Seamonkey stopped allowing user login credentials on the URL bar without an `about:config` setting and I still get an annoying popup.
I use this feature and think it is handy.
A sanitized example from my network cams:
`http://admin:password@192.168.1.28/cgi-bin/video.cgi?msubmenu=mjpg`
.


I realize there could be security implications but this is my private network.


----------



## Phishfry (Dec 23, 2018)

Well I guess I found the wrong post earlier for my settings. Digging deeper I see this potential setting:
`about:config`
`network.http.phishy-userpass-length`
https://support.mozilla.org/en-US/questions/1069670
That worked for me. Another problem solved. How is a long password phishy.


----------



## aragats (Dec 23, 2018)

Works in www/palemoon too, thanks!
This page from Phishfry 's link explains it better.


----------



## Sevendogsbsd (Dec 23, 2018)

Definitely security implications and I wouldn't ever do this in the "wild", but since on your own LAN, no issues, unless someone is on your LAN that you don't know about


----------



## aragats (Dec 23, 2018)

Another way is to use *https*, but that may not be under your control.


----------



## Sevendogsbsd (Dec 23, 2018)

Yes, but the problem with using uname and password in a GET request is that that data is stored in server logs, browser cache and possibly proxy cache as clear text.
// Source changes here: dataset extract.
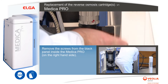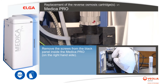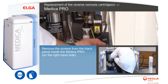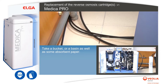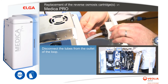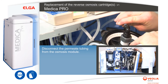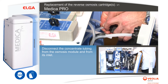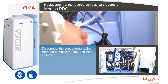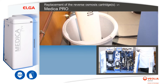Remove the screws from the black panel inside the Medica Pro on the right-hand side. Take a bucket or a basin as well as some absorbent paper. Disconnect the tubes from the outlet of the loop. Disconnect the permeate tubing from the osmosis module. Disconnect the concentrate tubing from the osmosis module and from its inlet.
If those items are under your control fine, but if doing this over the Internet, even with HTTPS, you don't know where the username and password are going to be stored in the clear and for how long.


----------



## ralphbsz (Dec 23, 2018)

Sevendogsbsd said:


> ...  but if doing this over the Internet, even with HTTPS, you don't know where the username and password are going to be stored in the clear and for how long.


They will only be stored in cleartext on the sending machine (where your browser runs), and on the receiving machine (where the server runs); the middle transports opaque SSL packets.
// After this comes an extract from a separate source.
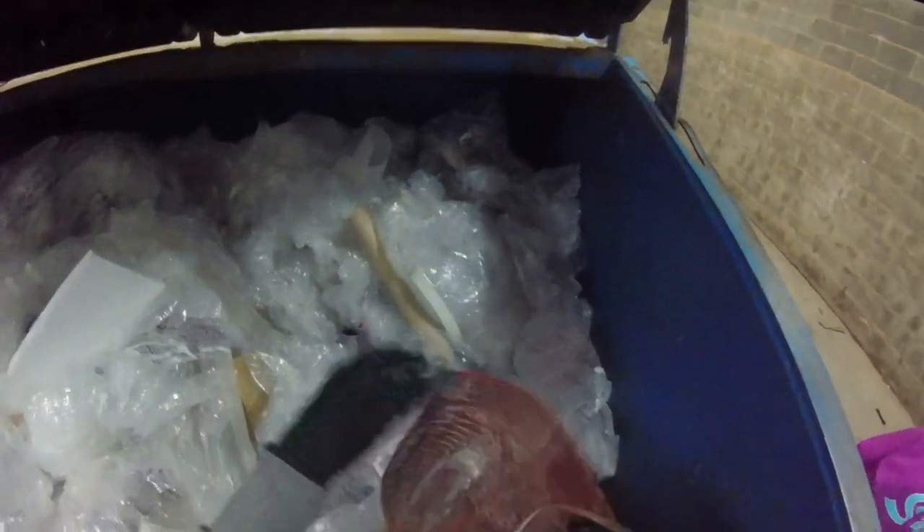What else have we got here? That's from last night. Oh, a little basket - nah, it's got a hole in it.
If you don't trust the machine where your browser runs, you have a much bigger problem than logs.  And if you don't trust the server, you should probably not type your username and password into it.
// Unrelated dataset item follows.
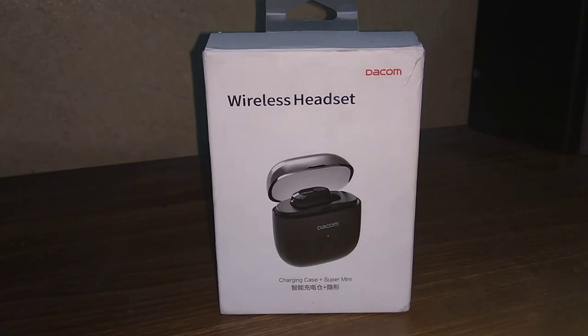Hello guys, welcome to my YouTube channel. Today we are going to unbox and review the Dakom 6P Bluetooth headset, which I have recently purchased from AliExpress.com. The price of the product is around 10 USD. Let's get started with the unboxing.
(Leaving the fundamentally unsolvable problem of a server that you need to use, like your bank or insurance company, but that later turns out to be not trustworthy because they were were sloppy and careless.  That's a tough one.)


----------



## Sevendogsbsd (Dec 24, 2018)

Keep in mind there may be other devices en route such as proxies or load balancers that may decrypt and re-encrypt traffic (for deep packet inspection) . In a web application, most times the username and password are sent using POST and are only encrypted within the HTTPS tunnel. Personally, I would never send creds or any other sensitive data in a URL and it is not an industry best practice.

OWASP, Example 2, OWASP Auth Cheat Sheet

Too many more to list. My .02


----------



## obsigna (Dec 24, 2018)

You seem to assume, that the optional userinfo@ component of the URI which you enter in the address bar would go over the line as is, as part of the host component of the URI. It won’t. The browser takes this info and moves it into a regular HTTP Basic authentication request header field, which would be encrypted by TLS like any other header/content of GET, POST, etc. requests. Your OWASP links refer to Query strings, that is the stuff after the ? at the end of the URI, and this is a completely different animal. So in respect to the risks involved, I agree with ralphbsz.


----------



## Sevendogsbsd (Dec 24, 2018)

Didn't realize that obsigna, thanks for pointing that out. I have seen sensitive data passed in querystring params so thought this was the same. Thanks for the clarification.

Keep in mind though that basic auth is only base64 encoded so anywhere it is stored is easily decoded. If that's not a problem, then it's fine.


----------



## ralphbsz (Dec 24, 2018)

Anyone who puts username or password into the today URI is a fool.  I'm sure fools still exist.  They are probably one of the larger threats to privacy and security.  But they should be slowly eliminated, by educating them in how to do it right.

And if SSL can be decrypted by regular deep packet inspection, which all brands of routers do, then all our ideas about security are sunk, and we might as well give up.  (I'm deliberately excluding "national technical means", a joke buzzword for things that officially don't exist and that nobody can talk about.)


----------